13. The CAR of claim 12 , wherein said intracellular domain comprises at least 30 contiguous amino acid residues of SEQ ID NO:34 in combination with amino acid residues from a co-stimulatory intracellular signaling domain of a protein that is not TNFR2.

14. The CAR of any one of claims 1-13 , wherein the intracellular signaling domain comprises residues 1-70, 1-115, or 1-156 of SEQ ID NO:34.

an extracellular binding domain;
an extracellular hinge domain comprising the CD8 hinge region of SEQ ID NO: 14;
a transmembrane domain comprising the TNFR2 transmembrane domain of SEQ ID NO: 22;
an intracellular domain comprising a) the TNFR2 co-stimulatory intracellular signaling domain of SEQ ID NO:34 and b) the primary human CD3 zeta intracellular signaling domain of SEQ ID NO:28, 29, 30, or 31 ;
CAR according to any one of claims 1 to 14 , comprising

The CAR of any one of claims 1-15 , wherein said extracellular binding domain is an antibody or antigen-binding fragment thereof.

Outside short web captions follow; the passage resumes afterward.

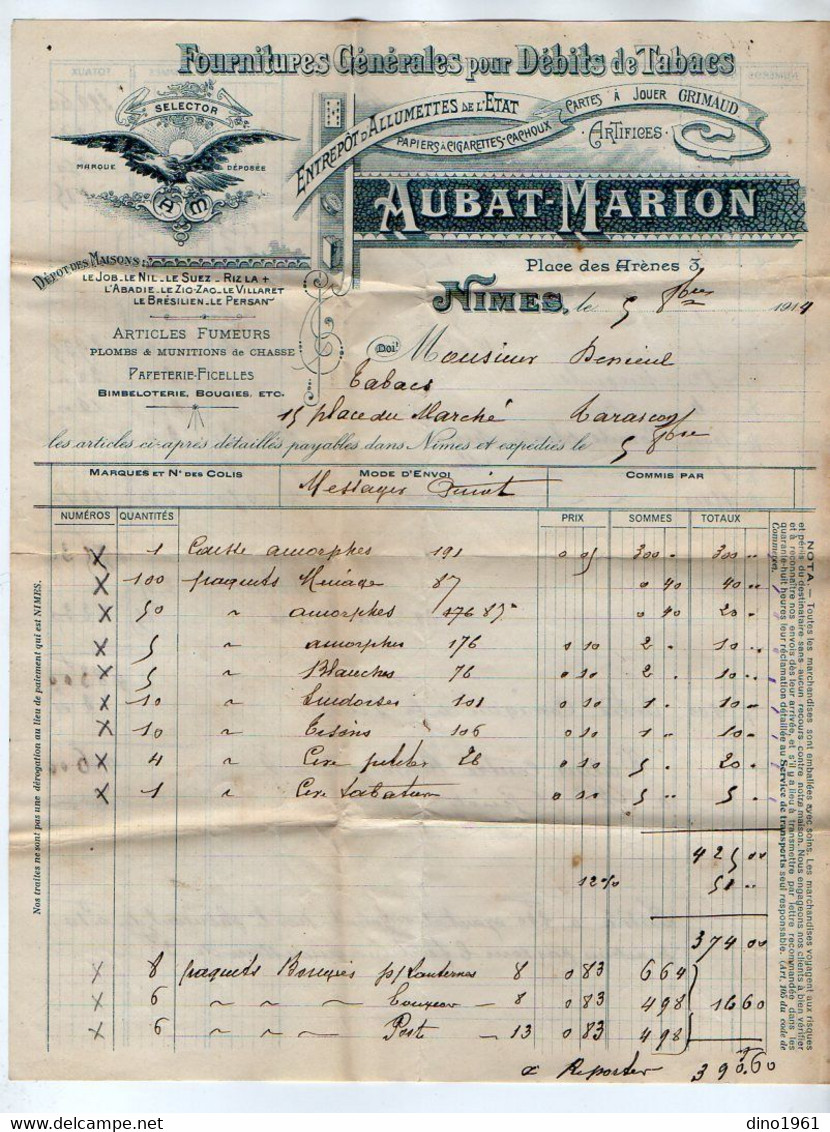 VP21.676 - 1914 - Enveloppe & Facture - Tabacs,Cartes à Jouer GRIMAUD,Artifices... AUBAT - MARION à NIMES Pour TARASCON - Documenti
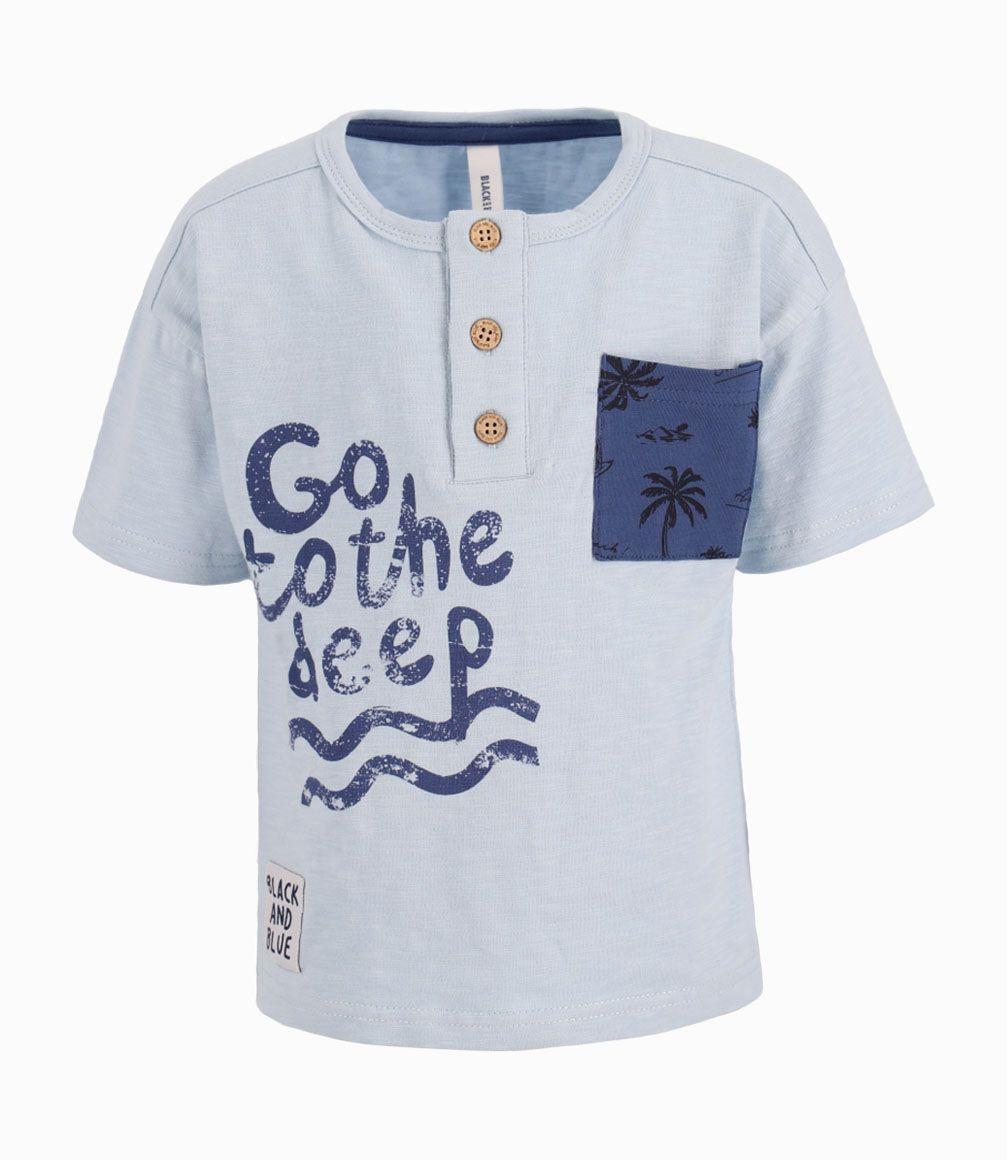 Polera Con Bolsillo Bebé Niño Celeste Black and Blue-0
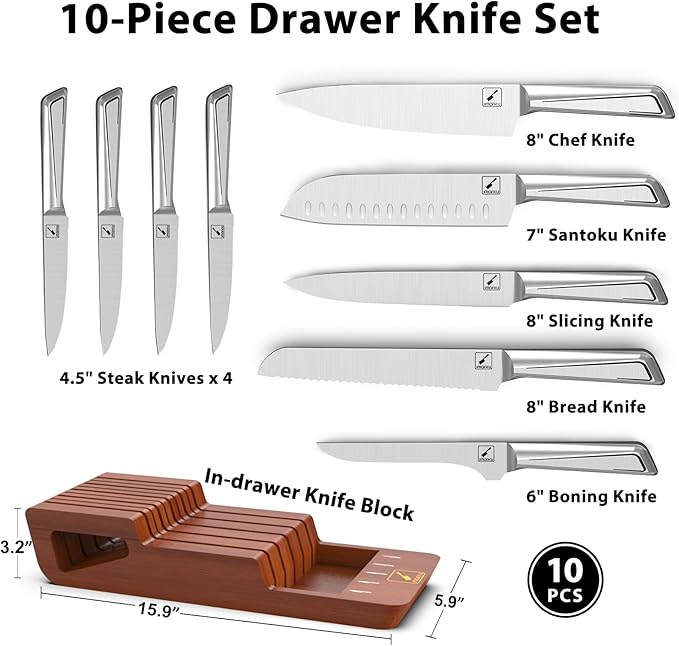 imarku Knife Set, 10 PCS Japanese Stainless Steel Knife Block Set, Kitchen Knife Sets with Wooden Drawer Organizer, Drawer Knife Set,Dishwasher Safe, Ultra Sharp Chef Knife, Gifts for Women Men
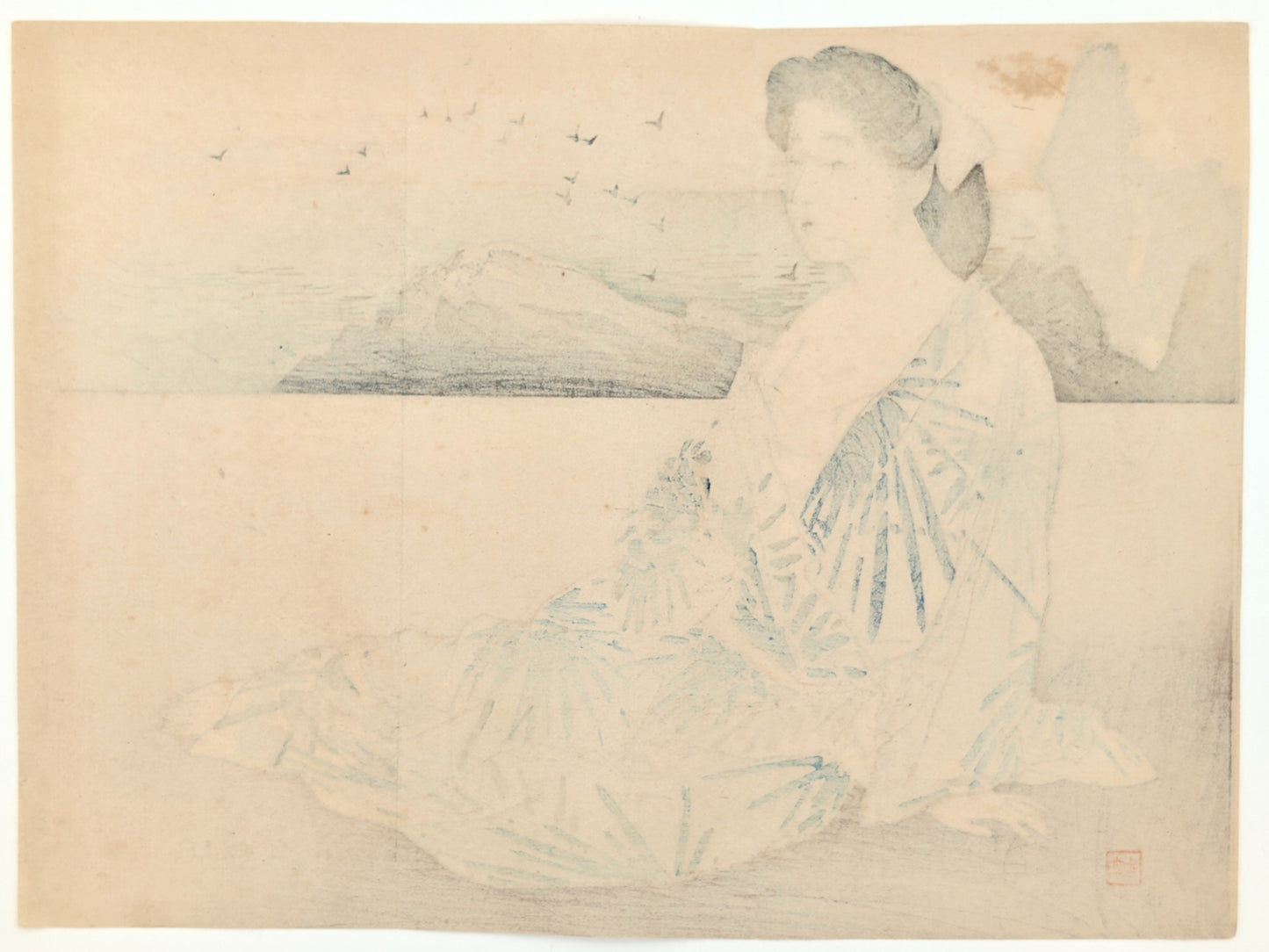 Estampe japonaise de Kajita Hanko représentant une femme en kimono bleu assise sur une plage, face à la mer, dans une scène calme et lumineuse, le verso de l'estampe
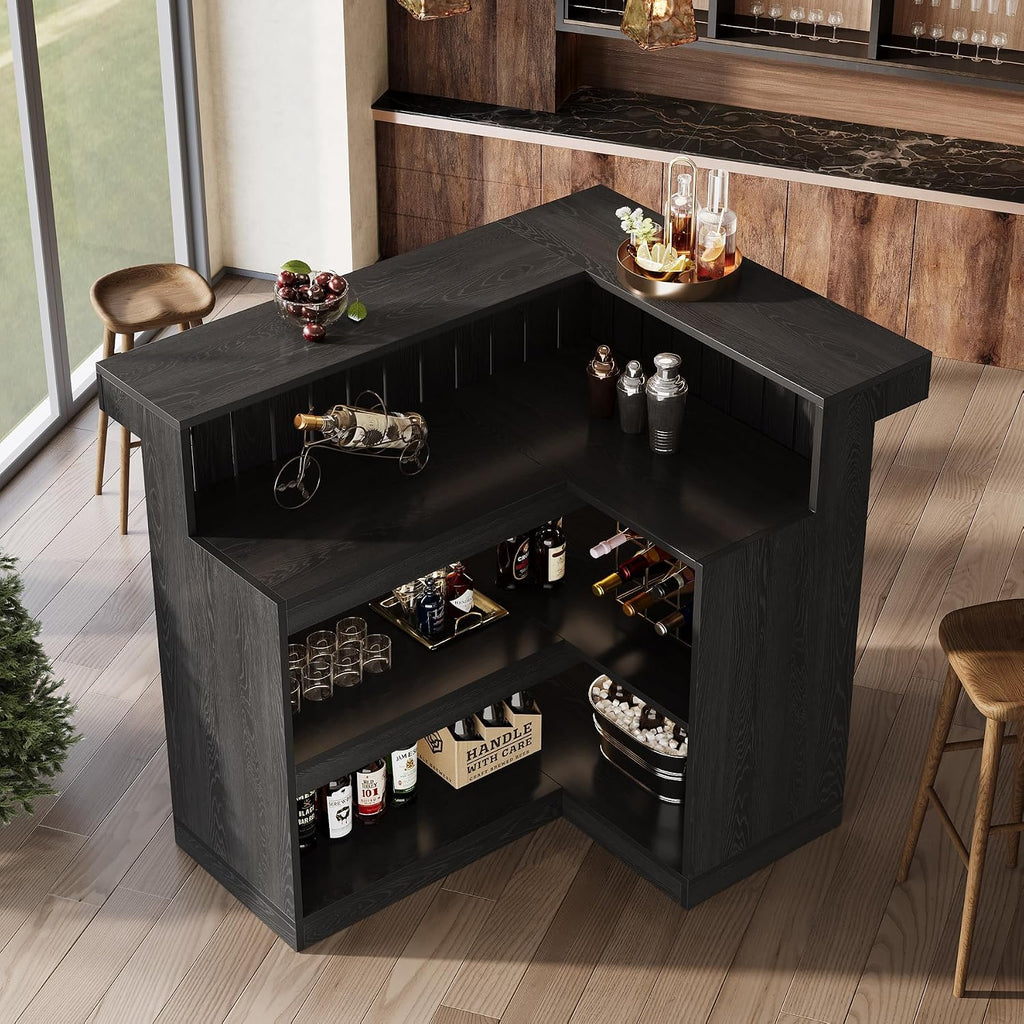 Tribesigns L-Shaped Home Bar Unit, 4-Tier Corner Liquor Bar Table with Storage Shelves and Wine Glasses Holder, Industrial Wine Cabinet Reception Desk for Home Pub (1, Black)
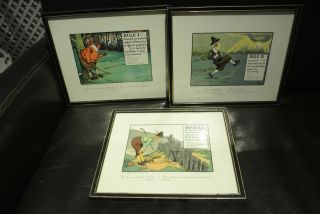 Vintage Chas Crombie Perrier Rules Of Golf Large Framed Prints X 3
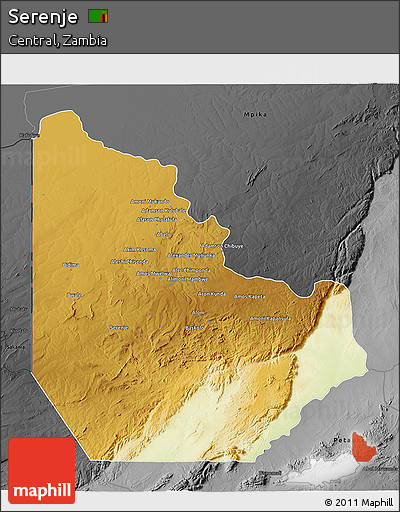 Physical 3D Map of Serenje, darken, desaturated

17. The CAR of claim 16 , wherein said extracellular binding domain is a single chain variable fragment (scFv).

A nucleic acid sequence encoding a CAR according to any one of claims 1-17 .

A population of immune cells expressing the CAR of any one of claims 1-17 .

The immune cells are T cells, natural killer (NK) cells, αβT cells, γδT cells, double negative (DN) cells, regulatory immune cells, regulatory T (Treg) cells, effector immune cells, effector T cells, B 20. The immune cell population of claim 19 , selected from the group consisting of cells, and myeloid cells, and any combination thereof, and wherein said immune cells are optionally human cells.

21. The immune cell population of claim 19 or 20 , wherein said population comprises Treg cells.

CAR-expressing immune cells according to any one of claims 1 to 17 , or immune cell populations according to any one of claims 19 to 21 , and a pharmaceutically acceptable excipient A pharmaceutical composition comprising

A pharmaceutical composition for use in treating a disease or disorder in a human subject in need thereof, wherein said disease or disorder is inflammatory disease, autoimmune disease, allergic disease, organ transplant conditions, cancer and infection. 23. The pharmaceutical composition according to claim 22 , selected from the group consisting of diseases.

24. The pharmaceutical composition of claim 23 , wherein said immune cell population is a T cell population and said human subject is in need of immunosuppression.